The glaring difference, though, is how unnecessary it is. Don’t get me wrong, the idea behind the infield fly rule is right on target, but why allocate the obligation of its application to the umpires when players could do it themselves? As a guy who knows a little about baseball, I know that when I hit an infield fly with men on base I’m going to get called out—AND I know that it’s for the best. So why doesn’t baseball force me to act on that knowledge myself, rather than creating doubt in everyone on the diamond who doesn’t know if or when the umpire is going to make the call?
I propose we do away with the infield fly rule and give players the ability to “out themselves”—that is, essentially commit baseball suicide. Instead of waiting for the umpire to call them out in the air, we would simply let the players do this themselves. This removes a lot of the uncertainty, puts the game back in the players’ hands, and leaves only the batting team to blame if they let themselves get bamboozled into a triple play.
Also stipulated in the self-out: No baserunners may advance when it is invoked, and it may only be used for fly balls (to prevent a batter from trying to break up a double play by “outing himself” and killing the force). This way, the rule can’t be abused, the theoretical effect is identical to that of the infield fly rule, and the practical effect is that the players run their own game more smoothly.

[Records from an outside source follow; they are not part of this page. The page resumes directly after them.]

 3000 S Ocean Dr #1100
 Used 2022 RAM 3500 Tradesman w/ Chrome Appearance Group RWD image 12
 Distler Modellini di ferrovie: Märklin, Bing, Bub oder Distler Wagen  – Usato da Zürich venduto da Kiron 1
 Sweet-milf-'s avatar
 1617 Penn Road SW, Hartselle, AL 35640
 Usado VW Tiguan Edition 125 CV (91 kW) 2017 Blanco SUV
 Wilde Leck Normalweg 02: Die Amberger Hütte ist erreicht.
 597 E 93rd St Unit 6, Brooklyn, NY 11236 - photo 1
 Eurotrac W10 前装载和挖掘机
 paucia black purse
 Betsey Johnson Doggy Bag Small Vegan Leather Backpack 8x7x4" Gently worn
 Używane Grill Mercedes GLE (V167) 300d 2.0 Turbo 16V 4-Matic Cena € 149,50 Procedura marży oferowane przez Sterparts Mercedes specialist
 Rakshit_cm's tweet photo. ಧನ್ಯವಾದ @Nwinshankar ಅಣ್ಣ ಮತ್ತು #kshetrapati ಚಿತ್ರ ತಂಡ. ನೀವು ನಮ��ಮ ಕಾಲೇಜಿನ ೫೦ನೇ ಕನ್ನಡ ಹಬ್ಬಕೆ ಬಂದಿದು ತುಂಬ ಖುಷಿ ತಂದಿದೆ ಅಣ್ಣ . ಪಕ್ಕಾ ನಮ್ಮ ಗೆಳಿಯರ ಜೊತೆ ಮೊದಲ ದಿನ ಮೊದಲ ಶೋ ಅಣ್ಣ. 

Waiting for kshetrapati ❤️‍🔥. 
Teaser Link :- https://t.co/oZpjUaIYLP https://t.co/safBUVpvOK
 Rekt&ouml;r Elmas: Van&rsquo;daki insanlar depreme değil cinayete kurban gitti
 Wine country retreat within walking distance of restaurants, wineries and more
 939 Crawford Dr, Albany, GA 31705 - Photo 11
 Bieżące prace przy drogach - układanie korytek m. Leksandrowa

(Note: I’ve always wondered how much room there is to abuse this sort of dynamic, actually. You can get called out for any number of reasons—running outside the base paths, for example. If there was a runner on 1st and I hit a ground ball to short, I might try just running out to the mound and getting called out, taking the force of the runner going to second. If the 2nd baseman wasn’t paying attention and didn’t put the tag on the runner, would the out stand? I’m curious.)
Anyway, the infield fly rule. I fixed it. Ta daa! Baseball’s fan base can now expand unrestrained. MLB, whenever you want to hire me, just let me know.
No, for real. Please. Did I mention I’m a lawyer (almost)?